I’ll keep this thread updated, with pictures.

Ordered a genuine Audi clutch.

I did a bit of mixing and matching. The throw-out bearing is pretty generic across different platforms, and transmissions, the pressure plate however are flywheel type specific. So with this, I ordered:

B5 RS4 throw-out bearing.
B6 S4 clutch friction disk.
B6 A4 3.0 clutch pressure plate (flywheel specific).

My reason for mixing, are come next summer, I will be going back to my favourite motor - the belt-driven 077-series 4.2 V8 40V, with some major upgrades. I want a clutch that most parts could be reused. I could possibly use the 3.0 flywheel and matching clutch pressure plate on the V8, but I doubt the clamping load will hold up to 680Nm.

I will be going with my favourite flywheel - a custom TTV item, designed for the V8, with the same stack height as a 2.8 30V flywheel, yet designed to accept a B5 RS4 clutch pressure plate. I might look into a new design, working closely with TTV, using the same flywheel, but designed to accept a B7 RS4 clutch.

Progress today.

I pulled the motor and tip transmission from B6 420-TS, complete with subframe, lower arms, ARB, front axles and tip shifter.

I’m glad I’ve got a complete car as a donor, as the subframe of the blue car is quite rusty. On one side, where the rearmost lower arms attach, is pretty bad, with 2 extra holes that Audi obviously didn’t intend to be there. One of the CATs is also an aftermarket item, with dog shit welding. Both flexi joints were in pretty bad shape too. The donor car has a decent subframe, and both CATs are genuine Audi items, replaced 2 years ago.

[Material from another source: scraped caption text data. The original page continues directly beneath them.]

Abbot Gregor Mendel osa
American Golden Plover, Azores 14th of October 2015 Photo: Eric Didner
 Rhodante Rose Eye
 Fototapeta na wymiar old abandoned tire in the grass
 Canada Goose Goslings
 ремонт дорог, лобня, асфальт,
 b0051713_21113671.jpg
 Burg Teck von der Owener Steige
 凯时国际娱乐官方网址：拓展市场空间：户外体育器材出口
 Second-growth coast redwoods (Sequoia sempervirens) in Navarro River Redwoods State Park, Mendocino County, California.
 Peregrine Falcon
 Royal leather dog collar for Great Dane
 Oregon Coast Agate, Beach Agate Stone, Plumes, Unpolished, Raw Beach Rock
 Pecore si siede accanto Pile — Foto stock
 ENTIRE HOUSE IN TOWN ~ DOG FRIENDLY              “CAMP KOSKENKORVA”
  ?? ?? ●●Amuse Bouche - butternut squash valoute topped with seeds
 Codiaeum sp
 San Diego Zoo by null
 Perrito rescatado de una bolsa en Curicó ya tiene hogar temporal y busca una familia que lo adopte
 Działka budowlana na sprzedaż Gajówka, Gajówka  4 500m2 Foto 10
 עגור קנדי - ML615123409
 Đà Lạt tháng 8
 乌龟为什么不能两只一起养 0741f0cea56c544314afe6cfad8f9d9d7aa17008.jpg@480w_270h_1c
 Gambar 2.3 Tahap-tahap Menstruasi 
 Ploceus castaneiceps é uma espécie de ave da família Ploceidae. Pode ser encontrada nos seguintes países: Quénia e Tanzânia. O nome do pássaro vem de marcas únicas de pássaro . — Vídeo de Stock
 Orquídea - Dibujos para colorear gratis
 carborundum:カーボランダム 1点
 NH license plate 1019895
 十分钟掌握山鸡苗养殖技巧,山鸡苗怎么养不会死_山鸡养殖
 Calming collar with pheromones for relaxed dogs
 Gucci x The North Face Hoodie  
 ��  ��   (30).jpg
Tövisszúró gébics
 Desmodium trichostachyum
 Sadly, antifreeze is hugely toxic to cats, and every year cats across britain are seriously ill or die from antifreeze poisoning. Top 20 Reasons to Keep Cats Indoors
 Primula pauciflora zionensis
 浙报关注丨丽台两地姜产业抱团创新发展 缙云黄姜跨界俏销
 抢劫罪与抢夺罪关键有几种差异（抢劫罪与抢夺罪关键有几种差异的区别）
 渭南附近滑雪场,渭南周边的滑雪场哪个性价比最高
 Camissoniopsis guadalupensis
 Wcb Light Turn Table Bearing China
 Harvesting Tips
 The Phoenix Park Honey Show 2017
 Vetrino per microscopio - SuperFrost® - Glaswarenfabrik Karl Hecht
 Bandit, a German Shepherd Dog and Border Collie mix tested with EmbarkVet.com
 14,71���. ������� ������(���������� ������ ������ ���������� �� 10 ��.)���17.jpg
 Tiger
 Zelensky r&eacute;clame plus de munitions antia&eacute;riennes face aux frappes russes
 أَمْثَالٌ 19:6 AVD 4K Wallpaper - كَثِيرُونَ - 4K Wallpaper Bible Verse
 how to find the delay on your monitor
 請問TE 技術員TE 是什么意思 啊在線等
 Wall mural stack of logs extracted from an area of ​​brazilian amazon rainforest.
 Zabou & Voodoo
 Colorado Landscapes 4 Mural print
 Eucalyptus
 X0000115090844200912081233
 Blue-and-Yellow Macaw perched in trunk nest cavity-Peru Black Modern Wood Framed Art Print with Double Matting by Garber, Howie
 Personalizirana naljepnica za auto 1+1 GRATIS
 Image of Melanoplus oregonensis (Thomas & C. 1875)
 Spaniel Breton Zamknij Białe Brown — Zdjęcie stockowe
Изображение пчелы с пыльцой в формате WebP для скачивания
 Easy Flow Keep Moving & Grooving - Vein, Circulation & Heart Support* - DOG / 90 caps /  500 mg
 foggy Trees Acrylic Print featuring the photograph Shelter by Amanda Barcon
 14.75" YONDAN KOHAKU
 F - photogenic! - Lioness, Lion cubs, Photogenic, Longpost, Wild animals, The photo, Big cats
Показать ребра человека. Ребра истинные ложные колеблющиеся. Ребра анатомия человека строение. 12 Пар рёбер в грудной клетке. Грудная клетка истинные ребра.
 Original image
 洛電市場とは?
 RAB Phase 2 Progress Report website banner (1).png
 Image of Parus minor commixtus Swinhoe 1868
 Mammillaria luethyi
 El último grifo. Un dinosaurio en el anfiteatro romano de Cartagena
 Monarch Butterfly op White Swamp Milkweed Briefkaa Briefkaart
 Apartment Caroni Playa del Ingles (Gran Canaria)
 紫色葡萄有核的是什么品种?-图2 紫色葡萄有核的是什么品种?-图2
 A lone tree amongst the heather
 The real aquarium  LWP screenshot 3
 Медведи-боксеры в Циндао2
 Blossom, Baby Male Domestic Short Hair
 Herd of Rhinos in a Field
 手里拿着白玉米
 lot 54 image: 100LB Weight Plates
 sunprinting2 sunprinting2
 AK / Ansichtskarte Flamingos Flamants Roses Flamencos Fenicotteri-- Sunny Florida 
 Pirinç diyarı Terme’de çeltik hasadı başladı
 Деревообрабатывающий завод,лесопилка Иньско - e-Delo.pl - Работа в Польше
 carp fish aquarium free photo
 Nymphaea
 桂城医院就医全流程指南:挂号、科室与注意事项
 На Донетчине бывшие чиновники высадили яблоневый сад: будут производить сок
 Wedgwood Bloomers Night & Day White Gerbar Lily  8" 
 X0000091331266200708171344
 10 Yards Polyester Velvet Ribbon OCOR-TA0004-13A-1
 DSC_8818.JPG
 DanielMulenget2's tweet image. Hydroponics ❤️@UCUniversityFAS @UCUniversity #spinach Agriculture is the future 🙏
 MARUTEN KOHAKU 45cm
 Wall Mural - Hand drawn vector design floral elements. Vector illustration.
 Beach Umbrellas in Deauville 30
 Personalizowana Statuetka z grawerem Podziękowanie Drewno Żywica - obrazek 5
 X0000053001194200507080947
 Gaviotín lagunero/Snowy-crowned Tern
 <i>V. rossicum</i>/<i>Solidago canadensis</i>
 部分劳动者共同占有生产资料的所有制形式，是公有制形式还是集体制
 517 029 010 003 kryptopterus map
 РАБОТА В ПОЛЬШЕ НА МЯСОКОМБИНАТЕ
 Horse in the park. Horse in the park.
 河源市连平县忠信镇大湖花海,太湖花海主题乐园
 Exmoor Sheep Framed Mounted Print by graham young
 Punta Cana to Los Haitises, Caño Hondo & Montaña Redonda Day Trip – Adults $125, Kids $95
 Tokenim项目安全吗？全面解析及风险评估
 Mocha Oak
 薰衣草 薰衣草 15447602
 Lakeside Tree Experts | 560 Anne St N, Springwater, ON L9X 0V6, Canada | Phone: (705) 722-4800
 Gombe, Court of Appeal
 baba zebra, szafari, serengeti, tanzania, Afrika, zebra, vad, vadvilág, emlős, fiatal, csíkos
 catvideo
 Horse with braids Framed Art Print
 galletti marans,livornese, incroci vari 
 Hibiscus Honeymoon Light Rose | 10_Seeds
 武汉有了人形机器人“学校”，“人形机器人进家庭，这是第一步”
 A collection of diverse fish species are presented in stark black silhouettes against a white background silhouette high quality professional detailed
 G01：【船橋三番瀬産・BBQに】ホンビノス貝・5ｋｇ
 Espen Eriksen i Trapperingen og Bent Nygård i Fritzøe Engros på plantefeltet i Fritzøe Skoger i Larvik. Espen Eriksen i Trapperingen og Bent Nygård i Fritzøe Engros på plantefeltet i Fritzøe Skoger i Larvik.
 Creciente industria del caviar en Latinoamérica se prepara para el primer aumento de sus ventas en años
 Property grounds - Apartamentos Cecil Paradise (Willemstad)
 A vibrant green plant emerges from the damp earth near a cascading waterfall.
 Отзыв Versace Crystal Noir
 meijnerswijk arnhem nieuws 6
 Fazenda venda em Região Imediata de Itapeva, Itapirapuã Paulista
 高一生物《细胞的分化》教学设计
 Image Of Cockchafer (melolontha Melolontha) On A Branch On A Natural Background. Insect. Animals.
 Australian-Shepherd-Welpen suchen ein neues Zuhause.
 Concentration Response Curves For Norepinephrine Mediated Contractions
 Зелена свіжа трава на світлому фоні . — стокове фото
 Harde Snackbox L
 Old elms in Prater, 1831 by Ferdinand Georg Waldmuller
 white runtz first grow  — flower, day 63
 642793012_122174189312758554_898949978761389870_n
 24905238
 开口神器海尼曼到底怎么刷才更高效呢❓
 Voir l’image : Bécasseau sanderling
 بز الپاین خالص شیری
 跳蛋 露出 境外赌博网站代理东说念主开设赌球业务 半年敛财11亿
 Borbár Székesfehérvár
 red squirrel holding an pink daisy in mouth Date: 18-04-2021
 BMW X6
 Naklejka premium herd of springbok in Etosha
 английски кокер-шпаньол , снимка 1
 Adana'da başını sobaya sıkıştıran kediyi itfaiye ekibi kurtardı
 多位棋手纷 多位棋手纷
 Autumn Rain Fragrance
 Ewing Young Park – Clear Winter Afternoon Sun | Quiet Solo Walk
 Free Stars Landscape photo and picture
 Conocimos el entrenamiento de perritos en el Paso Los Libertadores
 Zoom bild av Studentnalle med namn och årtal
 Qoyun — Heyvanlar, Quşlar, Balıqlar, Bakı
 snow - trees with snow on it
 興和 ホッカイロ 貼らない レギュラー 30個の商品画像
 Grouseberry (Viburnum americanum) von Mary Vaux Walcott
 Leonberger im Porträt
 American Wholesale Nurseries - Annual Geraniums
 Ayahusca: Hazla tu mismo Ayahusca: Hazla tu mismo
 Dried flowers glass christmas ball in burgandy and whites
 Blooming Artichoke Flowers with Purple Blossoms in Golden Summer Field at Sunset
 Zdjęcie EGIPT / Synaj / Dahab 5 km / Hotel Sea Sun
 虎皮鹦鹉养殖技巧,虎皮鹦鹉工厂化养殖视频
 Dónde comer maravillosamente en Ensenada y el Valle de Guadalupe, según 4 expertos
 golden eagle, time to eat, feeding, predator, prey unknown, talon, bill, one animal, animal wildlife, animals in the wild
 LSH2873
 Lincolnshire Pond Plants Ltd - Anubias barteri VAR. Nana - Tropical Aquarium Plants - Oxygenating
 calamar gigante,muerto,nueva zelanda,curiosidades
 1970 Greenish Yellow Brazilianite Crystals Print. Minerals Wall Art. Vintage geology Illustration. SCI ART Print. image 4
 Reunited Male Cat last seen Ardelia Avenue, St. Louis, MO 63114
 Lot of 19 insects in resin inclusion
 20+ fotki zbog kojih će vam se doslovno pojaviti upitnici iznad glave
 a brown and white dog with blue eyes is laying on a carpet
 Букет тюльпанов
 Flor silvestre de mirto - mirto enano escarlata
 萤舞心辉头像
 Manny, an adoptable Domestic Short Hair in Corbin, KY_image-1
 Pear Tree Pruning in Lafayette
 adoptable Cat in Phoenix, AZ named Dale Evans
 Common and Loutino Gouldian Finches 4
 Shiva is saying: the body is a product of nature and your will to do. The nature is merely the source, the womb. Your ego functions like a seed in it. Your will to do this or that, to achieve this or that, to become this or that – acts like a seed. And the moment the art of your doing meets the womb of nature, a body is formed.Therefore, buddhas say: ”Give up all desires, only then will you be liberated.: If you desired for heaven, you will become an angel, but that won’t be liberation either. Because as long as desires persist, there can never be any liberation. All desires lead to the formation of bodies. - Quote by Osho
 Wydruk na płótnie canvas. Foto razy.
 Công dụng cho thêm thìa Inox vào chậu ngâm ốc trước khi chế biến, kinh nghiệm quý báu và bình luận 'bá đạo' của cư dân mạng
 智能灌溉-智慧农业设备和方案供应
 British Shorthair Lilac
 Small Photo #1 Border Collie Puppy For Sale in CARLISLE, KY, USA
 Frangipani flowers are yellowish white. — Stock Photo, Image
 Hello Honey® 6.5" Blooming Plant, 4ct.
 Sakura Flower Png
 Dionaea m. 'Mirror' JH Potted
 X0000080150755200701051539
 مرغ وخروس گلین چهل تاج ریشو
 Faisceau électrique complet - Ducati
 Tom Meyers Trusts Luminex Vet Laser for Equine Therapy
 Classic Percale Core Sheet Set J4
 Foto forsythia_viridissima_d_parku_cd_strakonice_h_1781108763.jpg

I’ll pull the motor and 01E 6-speed tranny from the donor car in the week, separate them, and fit a new clutch.

Pictures of the day’s work. I had to get my angle grinder on the CAT / downpipe sleeve joints, as they were so rusty, PB Blaster wouldn’t work here either - the 17mm nuts had corroded to the point there was no Hex left, they literally crumbled when I attempted to bash on smaller sockets.


















A rare opportunity to thoroughly wash and wax the engine bay, and I’m going to use it. I might as well was the donor car’s subframe too, and get it painted in fresh satin black.

After 92,000 miles, the engine bay was looking decidedly grotty. Baked-on oil, and road grime.

With the engine bay free of the ASN motor, I attacked the dirt. First, scalding hot water, then more hot water, with regular car shampoo, using a medium-duty brush. The oil / road grime was so baked on, I ended up bringing in my favourite reinforcement.


It broke the dirt down with ease, after letting it soak for a couple of minutes, it just washed off, with nothing more than a microfibre to agitate it. I followed this with more hot water and shampoo, using a toothbrush to reach into the tighter nooks and crannies.

I dried it all, then applied a liberal coat of tyre shine foam, then rinsed it off after 5 minutes. It’s looking great. Tomorrow, I’ll apply a coat of protective wax, to finish it all off.

Both scuttle area drain bunts were blocked solid with sediment. I pulled both off, cut off the cross-split ends, then refitted them. Nice and free, I thoroughly washed the scuttle chamber, and dried it all out.



















So today, my clutch turned up, or at least, part of the kit. Friction disk, and throw-out bearing. The pressure plate was on back order, and will be with me on Friday.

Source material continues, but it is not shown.